Filsafat merupakan bidang ilmu yang cakupannya lebih luas daripada ilmu sains, ilmu social dan lainnya. hal ini dikarenakan filsafat sangat sopan santun terhadap ruang dan waktu. Hal utama yang membedakan antara filsafat dan ilmu lain adalah pada kerangka berfilsafat, yaitu secara ontologism, epistimologis dan empiristis. Filsafat merupakan hasil olah fikir para filsuf yang bersifat intensif dan ekstensif, yaitu dalam sedalam-dalamnya dan luas seluas-luasnya. Kerangka berfilsafat yang ekstensif tersebut mengakibatkan pandangan yang berdimensi. Filsafat merupakan suatu kajian ilmu oleh para filsuf yang didasarkan pada berbagai dimensi sudut pandang yang berbeda-beda. Objek berfilsafat meliputi segala yang ada dan yang mungkin ada. Segala yang ada dan yang mungkin ada tersebut belum dapat dikategorikan sebagian dari ciptaan Tuhan, karena masih banyak ciptaan Tuhan yang lainnya, misalnya keyakinan manusia. Keyakinan ini tidak dapat dikategorikan menjadi sesuatu yang ada ataupun menjadi sesuatu yang mungkin ada, karena keyakinan berada di luar konteks tersebut.
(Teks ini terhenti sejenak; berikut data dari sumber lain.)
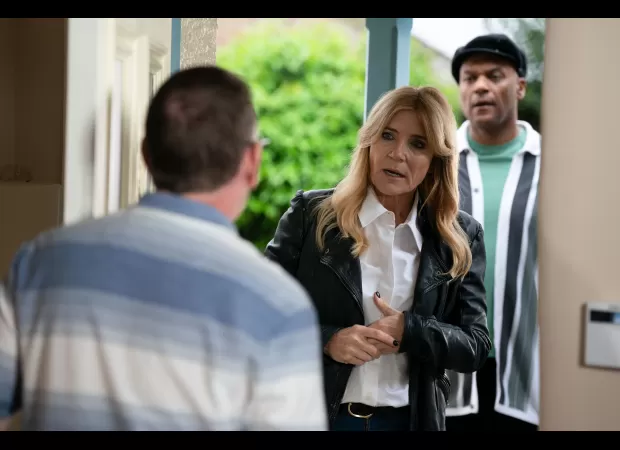 Cindy from EastEnders follows Ian to an unknown place and uncovers a surprising truth.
Dalam berfilsafat maupun dalam kehidupan sehari-hari, adanya pro dan kontra merupakan suatu hal yang wajar dan sudah menjadi kodrat. Setiap ada siang pasti ada malam, ada kiri pasti ada kanan, ada yang benar pasti pula ada yang salah. Demikian pula ada pro, pasti pula ada kontra nya. Pro dan kontra yang terjadi dalam fikiran manusia dapat menimbulkan suatu ilmu, sedangkan pro dan kontra yang terjadi di dalam hati manusia merupakan godaan dari syaiton. Dalam ilmu filsafat, ada 4 tingkatan yang harus dipenuhi oleh setiap objek agar dapat dikategorikan sebagai pbjek berfilsafat, yaitu tingkatan material, formal, normative dan spiritual. Jika suatu objek memenuhi keempat tingkatan tersebut, maka objek tersebut merupakan objek dalam filsafat. Namun jika belum mampu memenuhinya, maka objek tersebut hanya sebatas objek intuisionisme, yaitu objek yang dapat dipahami melalui intuisi. Sebagai contoh adalah angin. Objek material dari angin adalah udara yang bergerak, objek materialnya misalnya angin topan, badai, angin rebut dan lainnya. namun objek normative dan spiritual untuk angin tidak ada, sehingga manusia dikategorikan sebagai kaum intuisionisme terhadap angin, karena tidak mampu mendefinisikan tentang angin. Tidak ada definisi yang paling tepat untuk angin, besar, kecil, enak, cantik, tampan, dan masih banyak hal lainnya yang hanya dapat didefinisikan secara intuitif.
Berbeda halnya dengan hakekat perceraian. Perceraian dapat dikategorikan sebagai objek filsafat yang memenuhi syarat. Dari segi material, objek perceraian adalah suami atau istri. Dari segi formal, perceraian sangat jelas diatur dalam undang-undang. Dilihat dari segi normative, perceraian bukanlah hal yang baik, dan dapat dikategorikan sebagai hal yang kurang baik atau “buruk”. Dilihat dari segi spiritual, Tuhan sangat tidak menyukai orang-orang yang bercerai. Dari penjabaran tersebut, perceraian merupakan salah satu objek dalam berfilsafat.
Dalam kehidupan sehari-hari, ada kalanya seseorang mengalami kekalahan. Namun kekalahan tersebut hendaknya dapat mendorong seseorang untuk segera bangkit dan tidak justru semakin terpuruk. Ada dua cara dalam menyikapi kekalahan agar tidak membuat kita semakin terpuruk, yaitu dengan cara ikhtiar dan berdoa. Setiap hal yang ada dan mungkin ada di dunia ini dapat dijadikan sebagai motivasi. Sebagai contoh, ketika kita melihat orang yang kurang beruntung. Hal ini dapat kita jadikan sebagai sarana introspeksi diri, bahwa kita masih lebih beruntung daripada mereka. Selain itu, semangat dari orang yang telah pernah mengalami keberhasilan juga sangat kita perlukan, agar kita kembali memili,I keyakinan bahwa kita juga pasti bisa berhasil, minimal seberhasil orang tersebut. Hal ini merupakan cara untuk kemballi menumbuhkan semangat kita setelah mengalami kekalahan atau kegagalan.